Research carried out by the German organisation Kas reveals 73% of those questioned (aged between 18 and 25) would like to leave the country if they had the chance. Forty-eight per cent had no confidence in the president. Very little trust in politicians, parties and the press. Over 90% are in favour of premarital relations, 80% for gender equality. 

Istanbul (AsiaNews) - Pessimism towards the future, a desire to flee abroad and a deep mistrust in the country's leadership, especially in President Recep Tayyip Erdogan. This is the picture that emerged from the "2021 Report on Young People in Turkey", published in recent days by experts from the German Konrad-Adenauer-Stiftung (Kas) institute, founded in Bonn in 1955. A picture that raises more than one alarm for Ankara's leadership: around 73% of respondents said they would like to live abroad if they had the opportunity; 48% said they "have no confidence" in the head of state who has been in power for two decades.

The study examines data on the attitudes, opinions, expectations, preferences and compositions of boys and girls, which generally show a "pessimistic outlook" within a framework of "dissatisfaction and frustration". The respondents surveyed by Kas are aged between 18 and 25, around seven million out of the total of over 84 million that make up the country's overall population; more than 100 questions were asked in the presence of 3,243 young people spread across 28 provinces. Among the topics covered were local and international politics, activism and cultural, religious and social preferences. 

With regard to the ruling class, 48% said they had "no confidence" in Erdogan; added to those who "do not believe" in him, the figure for those who are unhappy at various levels reaches 58.5%. Asked about their favourite political leader, 20.1% (the highest figure) said "none", with the president in second place with 16.8% of preferences. In addition, the vast majority (80.4% of respondents) criticised the government's refugee policies and called for them to be changed, and over half (56.8%) wanted Syrian refugees to be repatriated. 

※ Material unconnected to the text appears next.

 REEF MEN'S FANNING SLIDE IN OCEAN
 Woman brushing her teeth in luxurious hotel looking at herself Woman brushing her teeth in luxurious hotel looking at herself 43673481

As for the future, the outlook is pessimistic: 62.8% of respondents say they do not see Turkey "well", while 35.2% say they are "completely distrustful" of the country's prospects. The economy, inflation and the possibility of personal fulfilment are all causes for concern. "A significant majority, 72.9%, said they would like to live in another country if they had the chance. There is no trust in politicians (only 3.7%), political parties (4.4%) and journalists (6.9%), while scientists (70.3%) and the army (61.8%) are held in higher esteem. There is also low esteem and consensus around the presidency (19.4%) and the judiciary (11.9%). 

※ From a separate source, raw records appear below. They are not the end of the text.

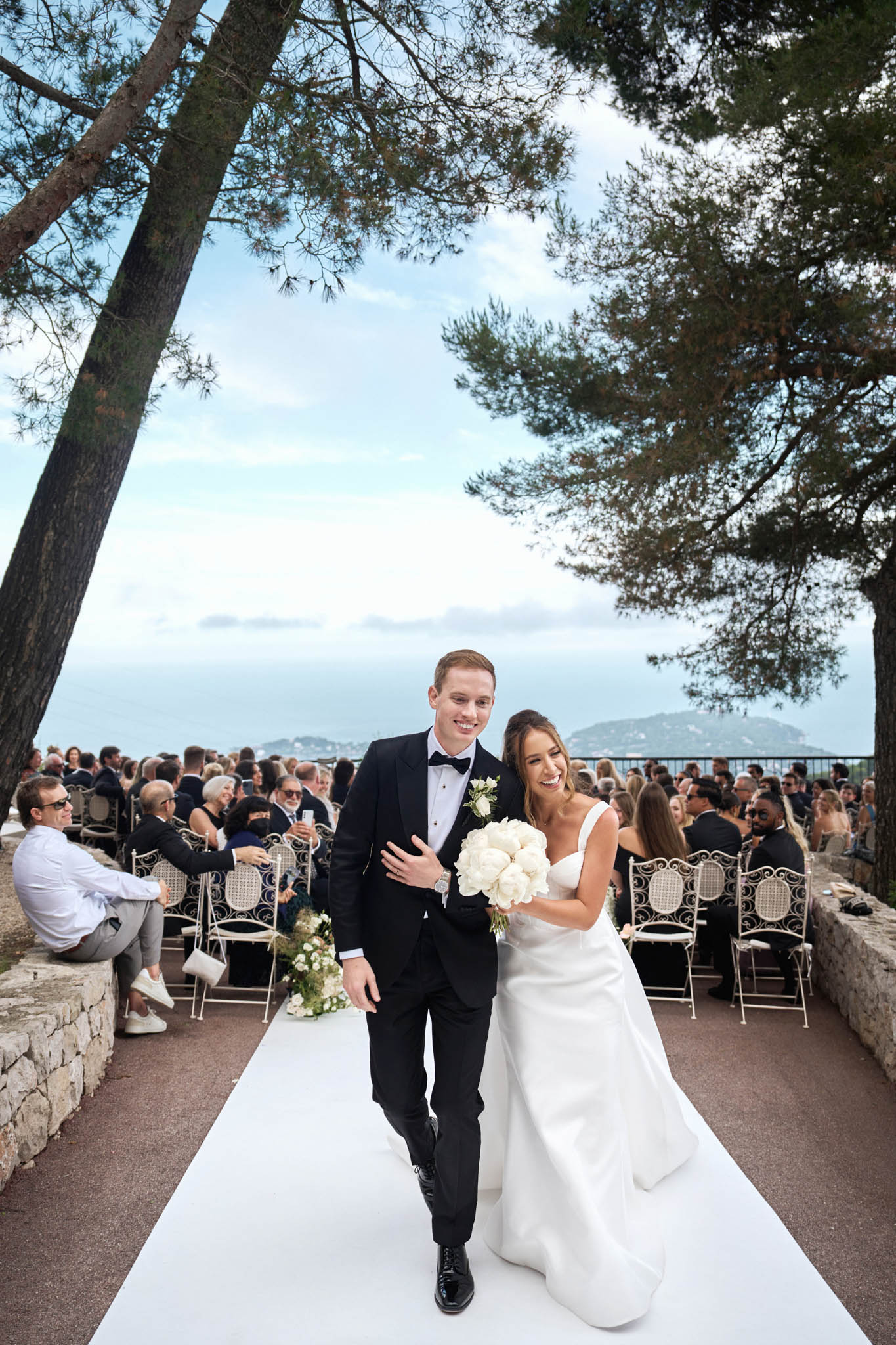 Bride and groom walk down aisle after ceremony with sea view backdrop and guests in white wrought-iron chairs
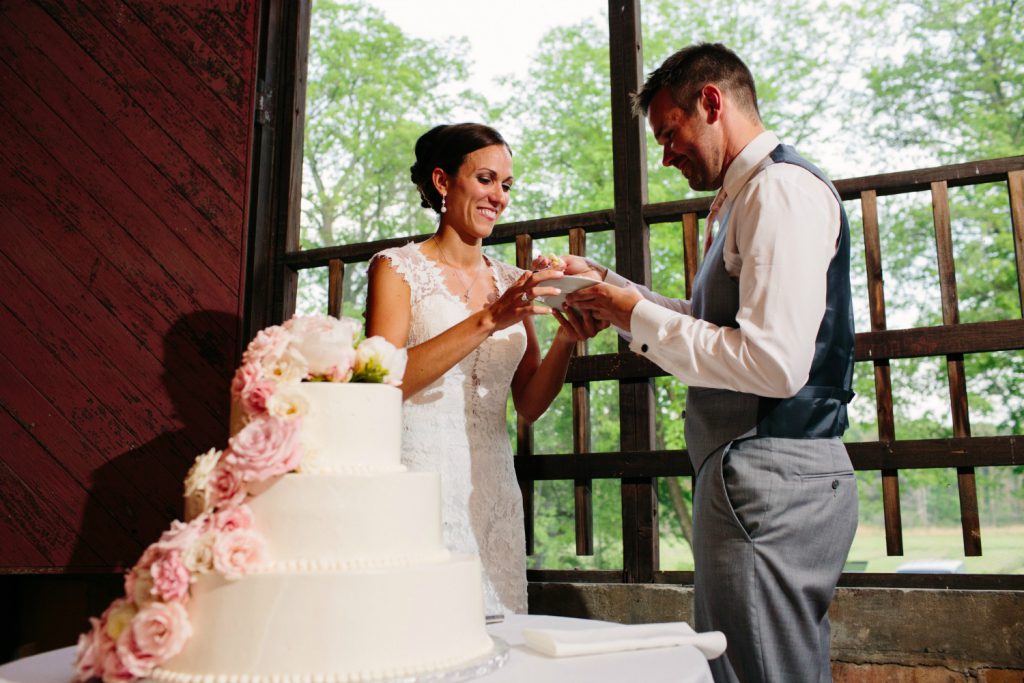 Wedding cake under the large shuttered barn window. 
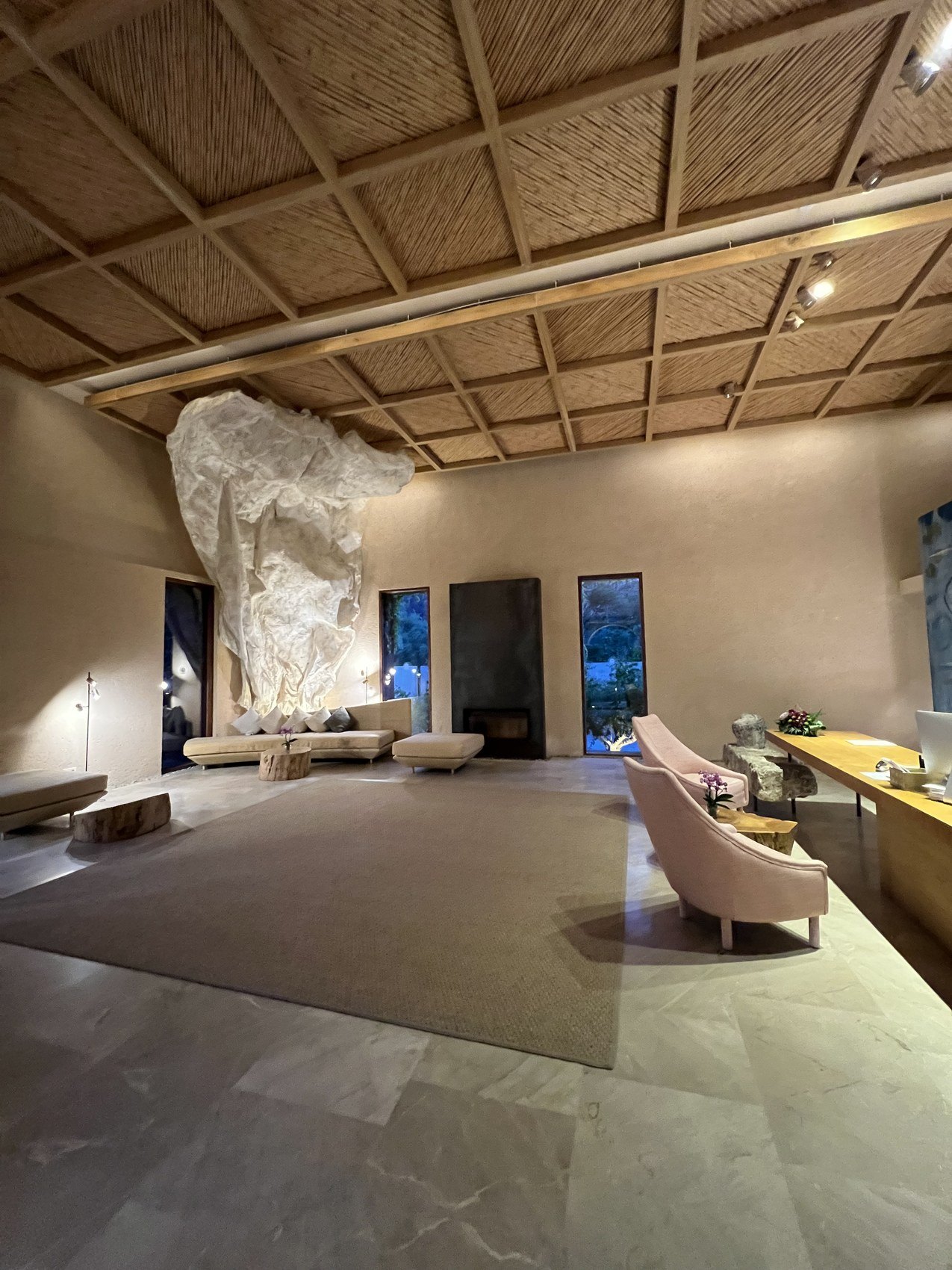 A long salon under a cane and timber coffered ceiling, with a pale rug and a stone sculpture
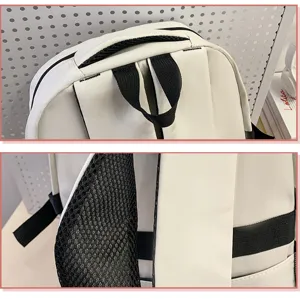 White student backpack detail view showing shoulder straps and handle construction clearly.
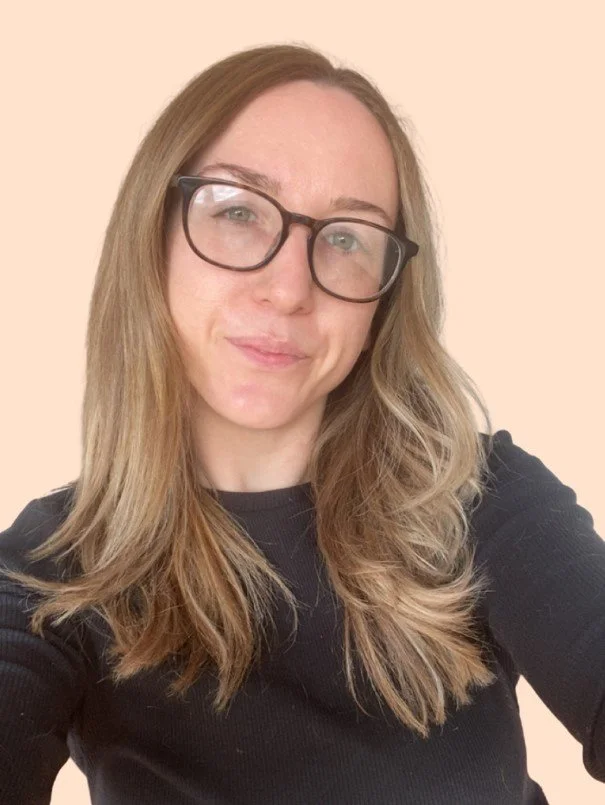 A woman with long, wavy blonde hair wearing glasses and a black top, smiling softly at the camera against a plain beige background.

The vast majority (80%) believe that women and men are equal; for 92.3%, premarital relations - between men and women - are normal, confirming a rather liberal and open-minded youth. The family (96.6%) and friends (82.9%) are the most important institutions and elements for the respondents, in a society made up of nationalistic young people, who consider symbols such as the flag (89.7%), the republican institution (87.4%) and being Turkish (71.6%) as preponderant elements. For 70.5%, being Muslim is very important, although 29.8% said they were devout, while 56.9% said they believed in God but did not consider themselves devout.